The three Afghan soldiers who ditched a U.S. Army training camp in Massachusetts to seek asylum in Canada used a shopping trip to Wal-Mart as an opportunity to break for the border — running up more than $1,600 in cab fare on the 500-mile journey. The men were on a break from their weeklong exercise at Camp Edwards on Cape Cod — shopping while other soldiers went to the beach — when they put their plan into action last month.
The three runaway soldiers — who face a preliminary hearing Wednesday in immigration court in New York — detailed their failed Sept. 22 getaway in an interview with The Boston Globe. They said they are desperate to remain here because of threats of Taliban reprisal. “For me is not important, Canada or America. I need just asylum,” Maj. Jan Arash, 48, told The Globe from an Immigration and Customs Enforcement jail.
Capt.
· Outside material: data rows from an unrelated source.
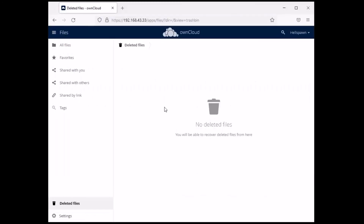That's it for my ownCloud configuration tutorial. Thanks for watching — please like and subscribe if you found this helpful. If you'd like to support the channel, consider becoming a Patreon. Thanks again.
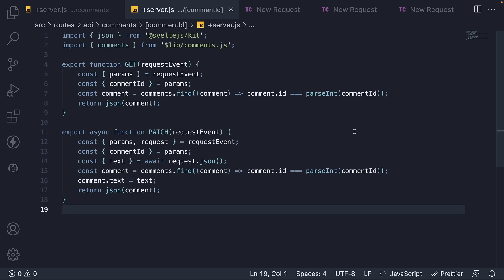In this video, let's learn how to handle delete requests in our API route. A delete request deletes a specified resource. In our case, we delete a comment by ID.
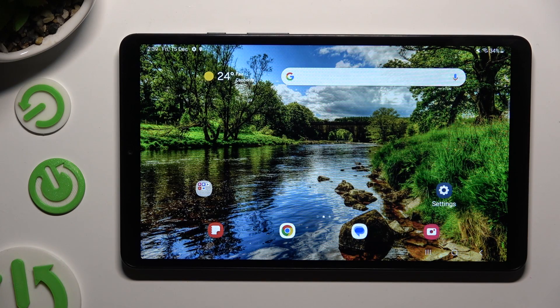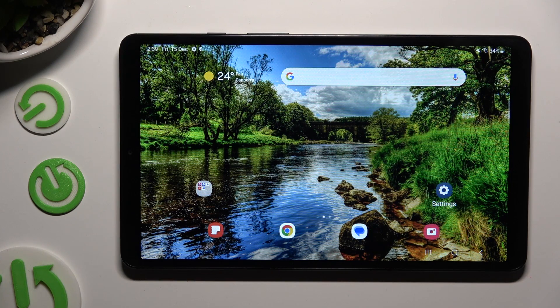Hi, in front of me is Samsung Galaxy Tab A9, and today I would like to show you how you can open apps in pop-up view.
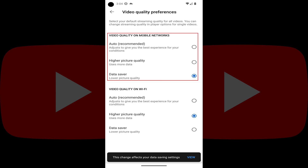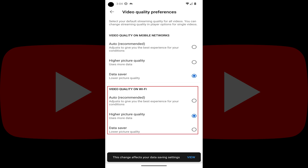Step 5: Choose the option that will work best for you when you're connected to a mobile cellular network and when you're connected to a Wi-Fi network. Your settings will be applied automatically to all YouTube videos you watch in the YouTube app on that device. These settings will not be applied to YouTube on other devices.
Noorullah Aminyar, 30, said the Taliban went to his family in Afghanistan and warned his father that they would target him upon his return. “They will find you and they will kill you,” Aminyar said his father told him over the phone.
It was another soldier, Capt. Mohammad Nasir Askarzada, 28, who first showed Aminyar a YouTube video of people crossing a border checkpoint into Canada. That was the route they would take. But while Askarzada and Aminyar decided to use the Walmart shopping trip to execute their escape, Arash’s decision to join them was last-minute. He had been following them — but when they confessed to their plan, Arash said he wanted in.
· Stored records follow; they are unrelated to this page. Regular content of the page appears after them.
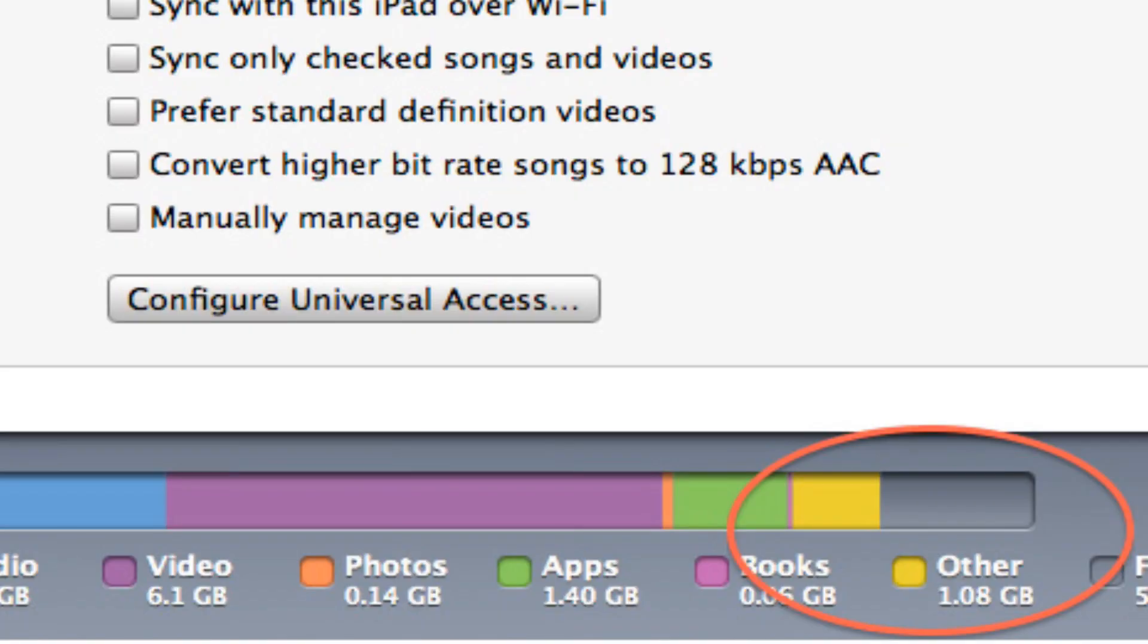For example, when you plug your phone into your computer and it launches in iTunes, you've seen probably that little bar that appears at the bottom. It shows how much music you have, how many movies, but it also has this weird yellow bar that says other data.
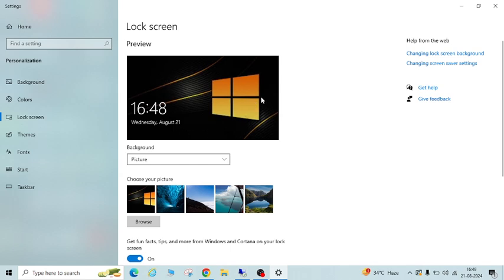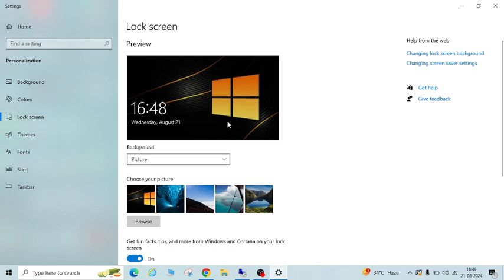So in the same way, you can set your personal photos, any customized photos, or any company logo - whatever you want. This is the way how you can set images or photos as a Windows lock screen. I hope this video will be helpful for you.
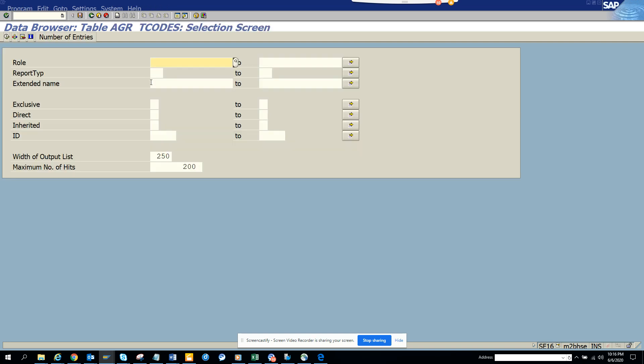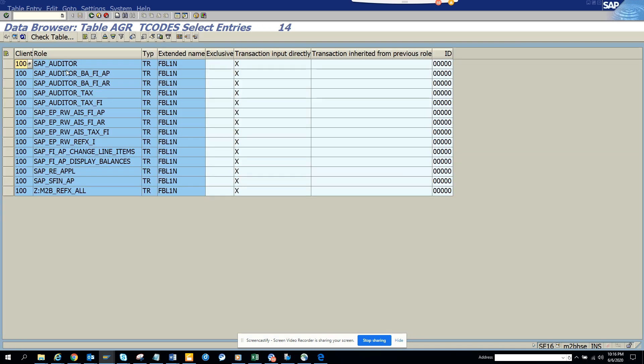We just press enter. Here, suppose I want to see FBL1N. I execute and I get all the T-codes related with this particular code.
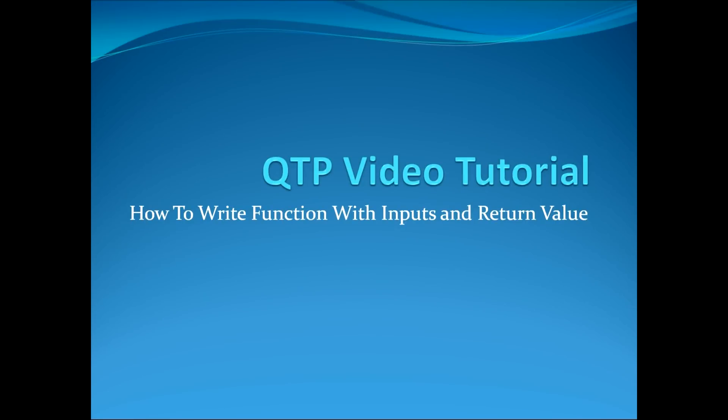Hello and welcome to my QTP video tutorial where I will show you how to write a function with inputs and a return value.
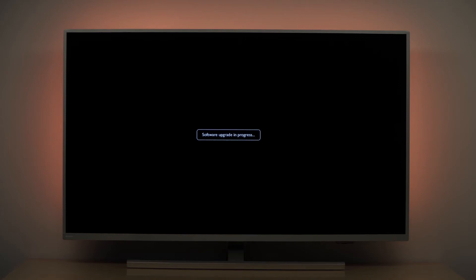It may take up to 20 minutes for the software to upload to the TV. It is very important to not interrupt the process by pressing buttons on the TV or the remote control.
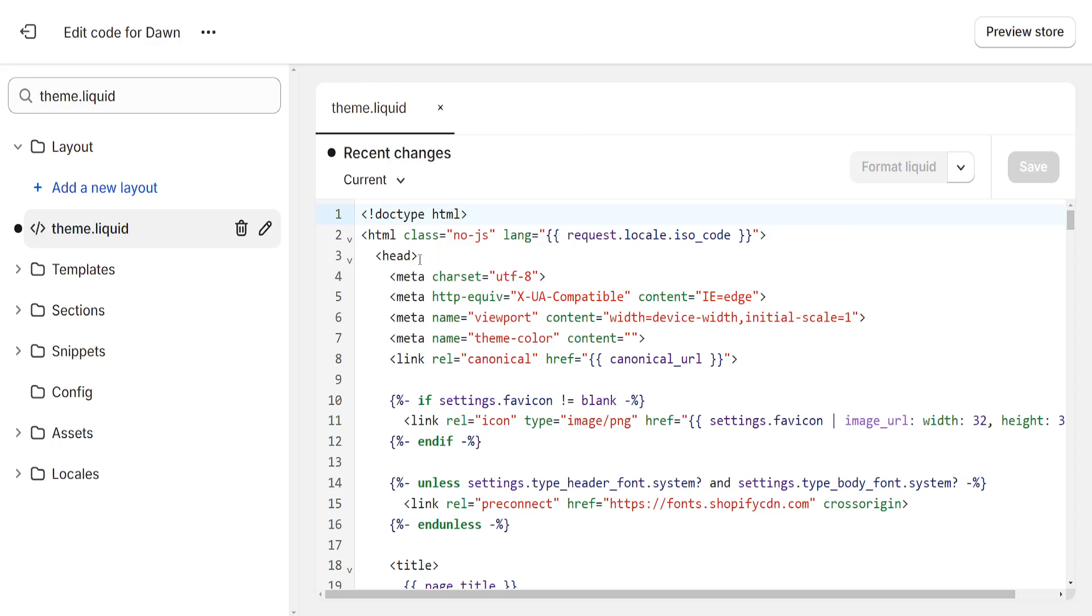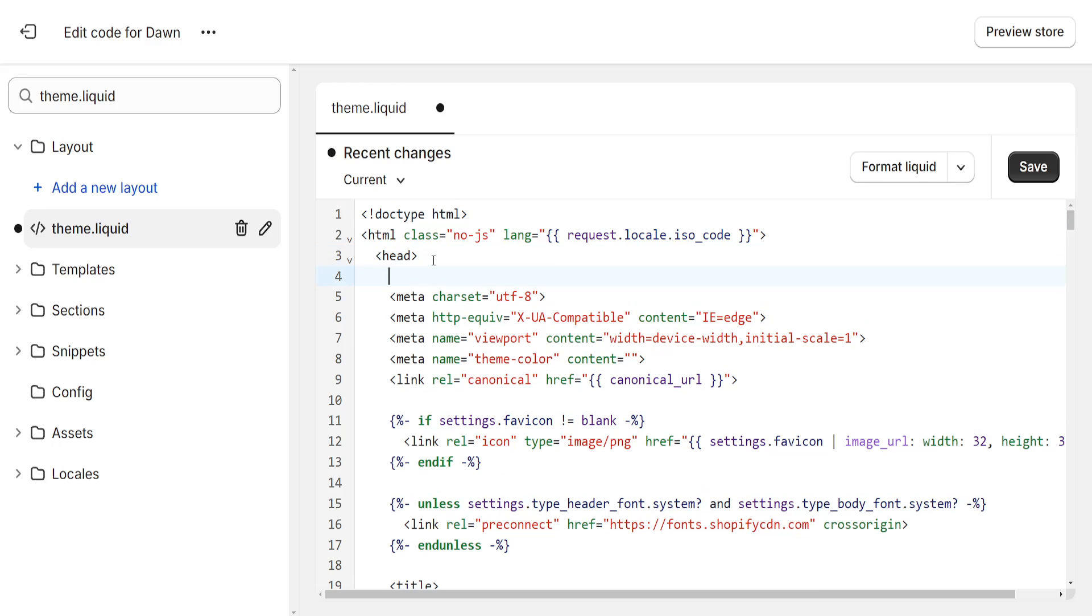You want to add your meta tags right here after the head. For example, we can just click on the third line and press enter. And here is where you will be able to actually paste your meta tags.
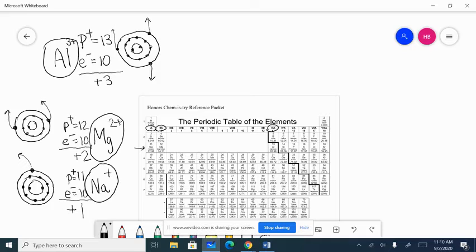Now look at the carbon family. Silicon would be the one we'd worry about in the third principal energy level. It has four valence electrons, so it could either lose four or gain four. Sometimes it loses four, sometimes it gains four — it could be plus four or minus four — but we're going to leave it alone and stick with the ones we'll use most often.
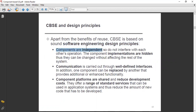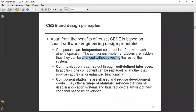First, components are independent — they do not interfere with each other's operation. Second, component implementations are hidden, in the form of encapsulation. They can be changed without affecting the rest of the system — a single change has no effect on all other parts of the system.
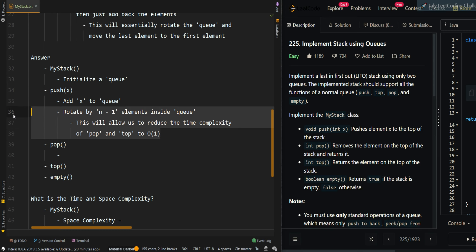Because we have rotated already during push, the last element is already moved to the first element. Now to pop an element, we can just return queue.poll, because the last element has already been moved to the first position. For the top operation, we can return queue.peek. Then to check if the stack is empty, we return queue.isEmpty — if the queue is empty, there are no elements.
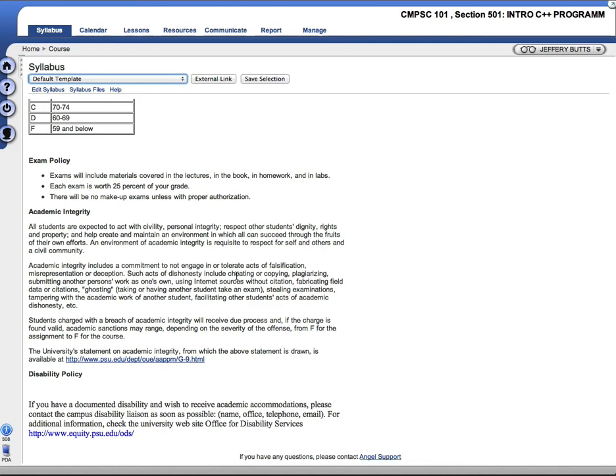That covers the syllabus. And in the next video that I'll post, we will dive into C++ and begin developing a program. Thanks.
The men said they were focused on getting to Niagara Falls, and denied reports claiming they had stopped at a strip club on the way. Once at the famed tourist destination, they found the pedestrian entrance into Canada known as the Rainbow Bridge. But while requesting asylum, Canadian authorities sent them back into the United States, where military was on their trail.
The men have each been charged with immigration violations. Attorney Matthew Borowski, who is representing the men pro bono, said they are now trying to gain asylum in the U.S. and fight deportation back to Afghanistan. Borowski told NBC News that he will ask the judge to grant that asylum — or at least allow the trio to stay in the U.S. on a withholding of removal, which prevents people from being deported if they fear persecution in their home countries.
“They did abandon their posts, but they went straight to the border to seek asylum,” Borowski added. “They were never a threat to anyone here.”